Recibido: 13-11-2017

Aceptado: 14-11-2017

DOI: 10.24965/gapp.v0i19.10475

Adolfo HERNÁNDEZ LAFUENTE y Consuelo LAIZ CASTRO. Atlas de elecciones y partidos políticos en España (1977-2016). Editorial Síntesis. Madrid, 2017

Adolfo HERNÁNDEZ LAFUENTE & Consuelo LAIZ CASTRO. Atlas de elecciones y partidos políticos en España (1977-2016). Editorial Síntesis. Madrid, 2017

Jaime Fernández-Paíno Sopeña

Universidad Complutense de Madrid

jaimef02@ucm.es

NOTA BIOGRÁFICA

Graduado en Derecho y en Ciencias Políticas y de la Administración por la Universidad Complutense de Madrid.

RESUMEN

El Atlas presenta de forma sistemática y completa las elecciones generales celebradas en España entre 1977 y 2016, dedicando un capítulo a cada comicio, analizando diversas variables y ofrenciendo un panorama general preelectoral y postelectoral. Se destacan asimismo algunos aspectos susceptibles de posible mejora, como la clarificación del criterio para considerar unas elecciones como adelantadas o no, o la utilización de un modelo diferente de uno de los mapas que se elaboran.

PALABRAS CLAVE

Elecciones; Partidos políticos; España.

ABSTRACT

The Atlas presents in a complete, systematic way the general elections held in Spain between 1977 and 2016, dedicating one chapter to each election, analyzing various variables and offering a general pre-electoral and post-electoral outlook. Some aspects susceptible of being improved are also highlighted here, such as the clarificaton of the criteria followed to consider an election as early election or not, or the utilization of a different model for one of the ellaborated maps.

PALABRAS CLAVE

Elections; political parties; Spain.

Para un investigador del ámbito de la ciencia política, el manejo de datos electorales es a menudo imprescindible. La tarea se puede convertir en tediosa cuando éstos están poco centralizados o uno no está familiarizado con la base de datos oficial correspondiente. Para un estudiante del mismo campo, por otro lado, resulta mucho más sencillo acudir a fuentes menos rigurosas a la hora de consultar los resultados de tal o cual partido o la participación en alguna elección, a veces, remota. El Atlas que se nos presenta soluciona estos dos problemas de una forma sistemática, metódica y práctica.

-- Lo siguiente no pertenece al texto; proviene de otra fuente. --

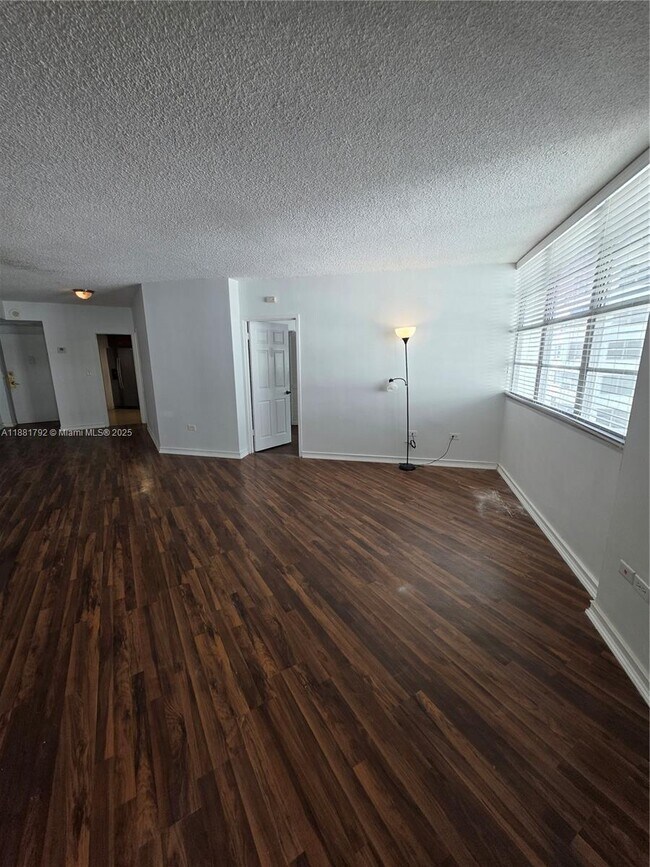 Photo - 905 Brickell Bay Dr Unit 1522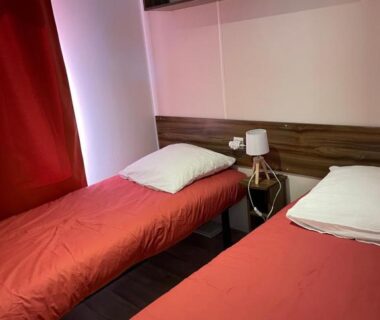 Chambre intérieure avec deux lits simples dans le mobile home ESCALE BASSIN à Lège Cap Ferret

La idea llama la atención por su novedad, y extraña que no se haya hecho antes a este nivel. La centralización de la información de las elecciones generales celebradas en España en democracia parece un ejercicio editorial lógico, y sin embargo, no existía hasta la fecha un trabajo como este. De ahí la importancia del volumen, que dedica cada uno de sus trece capítulos a cada una de las elecciones generales celebradas en España desde el fin de la dictadura franquista hasta las del pasado junio de 2016. Además, incluye una serie de elementos que lo diferencian –enormemente– de una mera recopilación estadística.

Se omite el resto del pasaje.